TLDW
A paper, by philosopher of physics John Norton, describes a scenario in which a ball is placed at the apex of a perfectly smooth and frictionless dome. The paper argues that, according to Newton’s laws, the ball will spontaneously start rolling down the dome at some random time, without any external force acting on it. Norton’s claim suggests that Newtonian mechanics may not a deterministic theory or that there are multiple possible interpretations.
https://sites.pitt.edu/~jdnorton/papers/DomePSA2006.pdf
As a total amateur my instinctive response to the “unexpected” result is to validate that apply Newtonian physic is appropriate, and if not, we should look for an explanation at a level where the unexpected phenomenon becomes possible, aka non-Newtonian physics. We know that Newtonian physics works fine until we try to explain things at the atomic or subatomic level, or under extreme gravity, or close to the speed of light. Why not the same at extremely small points on a dome?
The dome used is the same shape as the graph she showed. The closer to zero you get on the graph the more vertical the line “looks”, but with enough resolution in the data it becomes clear line is never vertical except at the starting position of zero.
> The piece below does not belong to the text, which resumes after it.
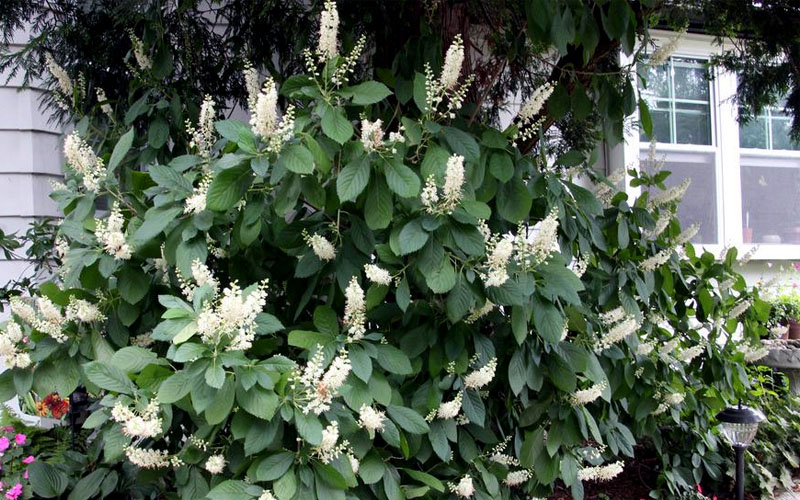 Hummingbird Summersweet Clethra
When you make a dome based on the same curve the zero point is so small that it falls into the realm of non-Newtonian physics where you run into uncertainty. I can’t do the maths myself but I’m going to guess the zero point needs to be subatomic in size for the “unexpected” excitation event to have an impact. If true, and the zero point is too large, the ball is going to remain stationary until an explainable force acts on it.
I’m guessing the ball needs to be a perfect sphere. Does the maths incorrectly neglect the ball?
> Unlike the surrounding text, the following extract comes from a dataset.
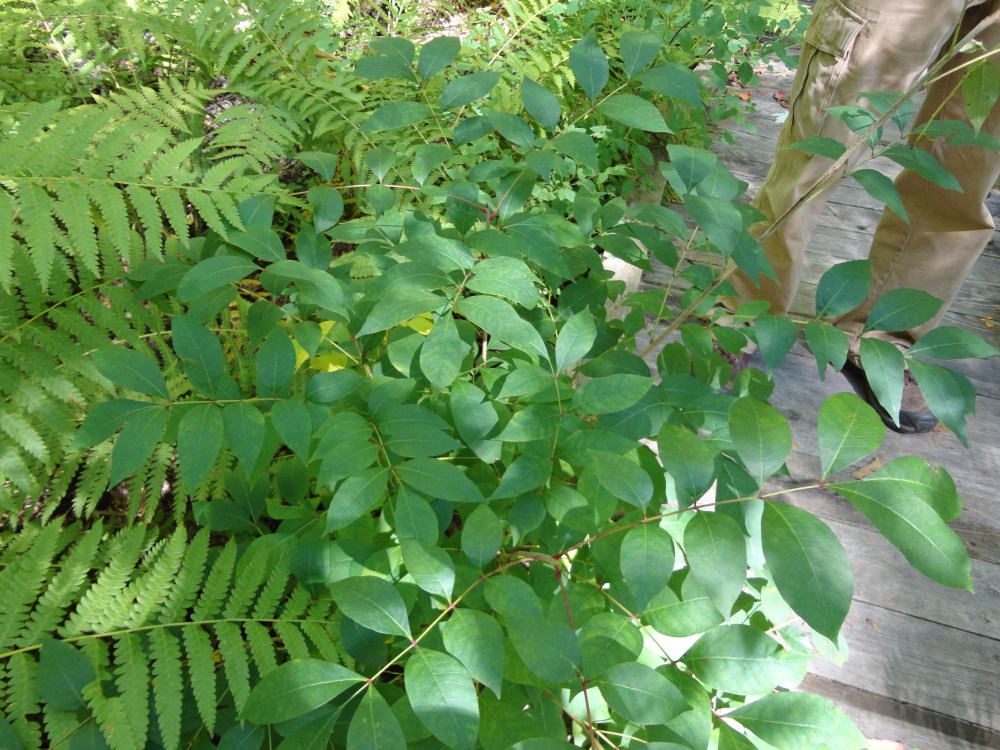 Poison Sumac at Sudden Tract.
Edit - I feel like I used non-Newtonian wrong when I should have used quantum or something instead. But hopefully it made sense enough to see my point.
It’s nothing so obvious given that plenty of people tried to point out holes in the logic. The issue is with the notion of causality and there being multiple possible future states that are all equally valid.
My point is, the zero point has to be so small it becomes subject to the uncertainty principle, which is not a Newtonian law. So while the maths might resolve to the unexpected excitation event it doesn’t make sense in reality because we don’t apply Newton’s laws at the tiny point sizes needed here?
When you plug crazy small numbers into Newton’s laws don’t the answers stop making sense, so you have to use Einstein rather than Newton’s physics?
So frequently, philosophy forces us to think about wonderful ideas that lead us to amazing realisations, but so often those same ideas breakdown when applied to reality. This is where physics steps in.
Thing is that we don’t have a complete model of physics either. Whether universe is deterministic or not is still an open question, we don’t know if quantum effects are a result of hidden variables or genuine randomness.